LEE: No, I really don't know what he's talking about. But I don't know much of what Jack is talking about these days. I mean, when I listen to these things he says, I just feel I'm listening to the mouthing’s of a very bitter man who I feel quite sorry for. I don't know what his problem is, really.
As far as him doing the stories, Jack never felt that the script itself, the dialogue I wrote, was part of the story. Very often, Jack would make up the plots. We would discuss a story before it was done, and I'd say, ‘Let's bring Dr. Doom back. Let’s let him capture Reed Richards or do this and that’. Jack would say okay, and I left most of the details to Jack. It's quite true, a lot of the stories--the plotting of them--he created. I would give him a couple of words and he did the rest. I've never taken that away from him. He was wonderful at that.

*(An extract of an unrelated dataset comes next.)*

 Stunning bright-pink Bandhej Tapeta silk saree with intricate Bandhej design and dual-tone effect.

Then he would bring me the drawings. I would put in all the dialogue and all the captions. I have a feeling that Jack considers that relatively unimportant. You know, ‘Anybody can put the dialogue in’. I would like to feel that the style I gave the stories by putting the dialogue in was quite important. After all, the manner of speech is really what gives the characters their personality. As a matter of fact, when Jack left Marvel, his stories never read the same again, the ones he did without me. They may have been better or worse, but they were never the same. The stories I wrote with Jack had a certain style, and I think they are greatly responsible for Marvel’s success. I think it is a shame that Jack didn't stay with us. I think he and I could've still done great things together. I have absolutely no idea why he is so bitter.

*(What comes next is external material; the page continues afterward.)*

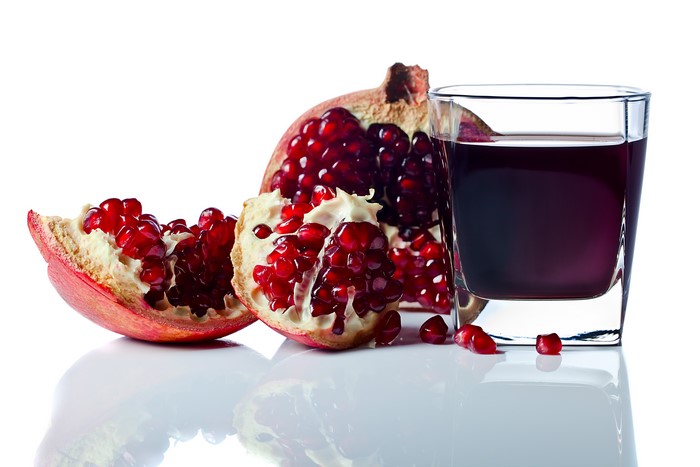 Pomegranate juice and fruit on white background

PITTS: Let's move on to happier ground and talk a little more in depth about the creation of some of your better-known characters. We can go back to the FF and, if you would, talk about the creation of the individual characters as opposed to the team.
LEE: Well, with the Fantastic Four, I knew we wanted to create a team. So, the next problem was to figure out who should comprise the team. I figured we have to have one leader. And for a name, I thought he would modestly call himself Mr. Fantastic. I got a kick out of that. I figured I'd make him the world's greatest scientist, but unlike some other books, because he is a great scientist, I tried to write him as though he was just a little bit stuffy, without too much of a sense of humor, even though he's a hero. He's always pontificating and explaining things to give the other characters, like the Thing and the Torch a chance to say, ‘Boy, he'll never use a word of two syllables when a 50-syllable word will do’, and he kind of bores the others with his longwinded explanations.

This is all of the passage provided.